In the event of a policy sale, that failure can have consequences beyond the loss of the insurance. If the client is well advanced in age or suffering from ill health, purchasing a new policy (should one be needed) may no longer be an option because of prohibitively high premiums or lack of insurability.
Also to consider are the tax and legal consequences resulting from the policy sale. Leimberg observes that clients who settle have to pay ordinary income and capital gains taxes on the sales proceeds, taxes that do not apply to death benefit proceeds. And, unlike policies held in trust, income resulting from a life settlement does not escape the estate tax. Nor do the sale proceeds enjoy protection from claims in probate court or the privacy of distributions made to policy beneficiaries.
“Whether we like them or not, life settlements are here to stay,” says Leimberg. “But people need to know about the tax implications, which are not only underplayed but often are very little understood by advisors.”
To be sure, sources say, a life settlement is suitable for policyholders who meet certain criteria. Prime candidates include clients age 65 or older who have a life expectancy of less than 12 years and who no longer have an insurance or estate planning need. Life settlement companies also look for policyholders who have significant health challenges or are otherwise uninsurable; and who own policies for which the ratio of the cash value to the face amount is low. For insureds, the fact that they can secure more money by selling the policy than by surrendering the contract for its cash value is the overriding attraction.
The prospect of receiving a cash windfall should not, however, preclude an objective and dispassionate analysis of the transaction. Michael Weinberg, president of the Weinberg Group, Denver, Colo., says the decision for or against a sale will hinge on whether the present value of the death benefit less the present value of future premium payments and other costs (i.e., the intrinsic economic value) will be greater or less than the life settlement payout before the policyholder’s projected life expectancy. An intrinsic economic value that is greater than the life settlement offer would dictate holding the policy; a value that is less than the offer would argue for a policy sale.
Reduced to a math problem, the issue is seemingly easily resolved. Yet the core question to be answered–the insured’s longevity–can involve guesswork.

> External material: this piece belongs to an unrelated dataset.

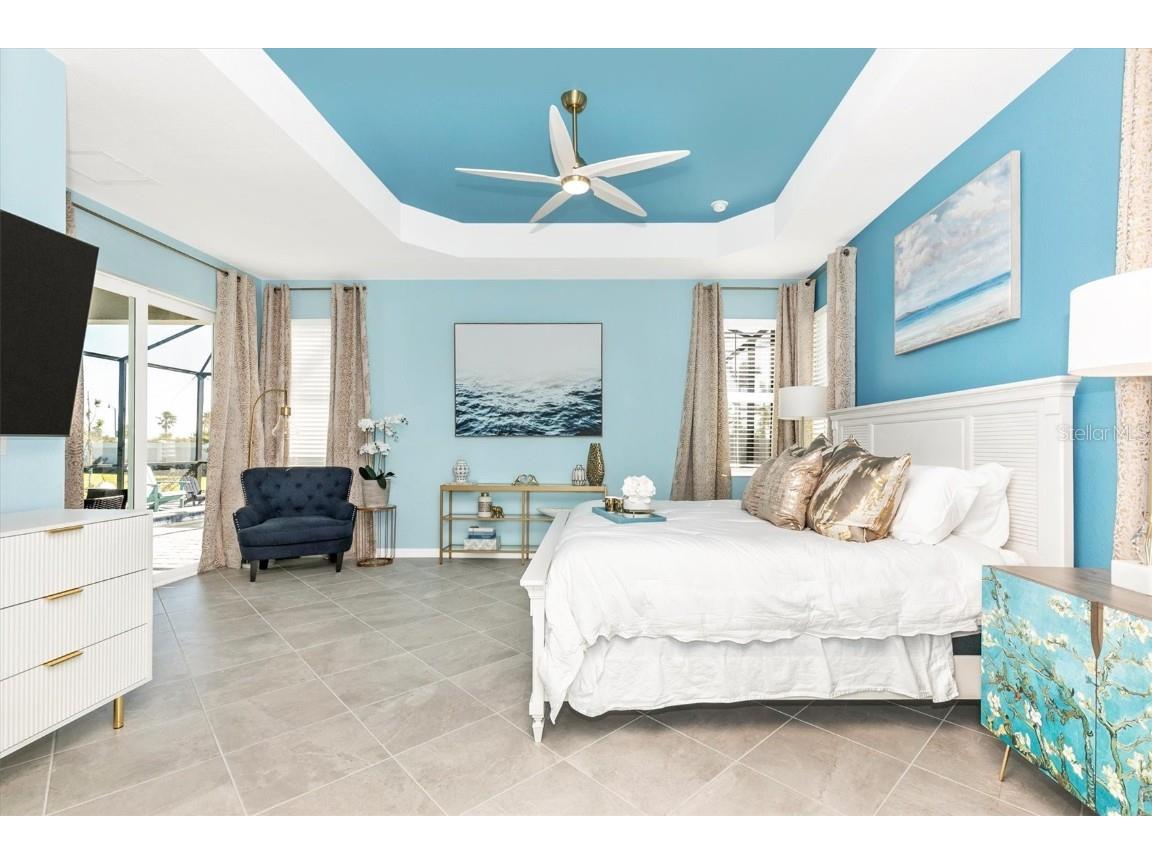 17180 Jadestone Court Venice FL 34293 N6135758 image18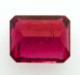  쥢ȡ  롼 åɥ٥ 0.19ct ֤ɡ ꡼ 楿 ϲʪŸ 4278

To assist in the analysis, Weinberg and Leimberg are co-marketing to advisors a software application, Life Settlement NumberCruncher, that offers a range of life expectancies based on widely recognized mortality tables. Depending on the preferred table, an assumed discount rate and an assumed tax rate (ordinary income or capital gain), the software can graphically depict the insured’s projected life expectancy relative to a “crossover point,” above or below which the individual stands to achieve a gain or loss from a settlement.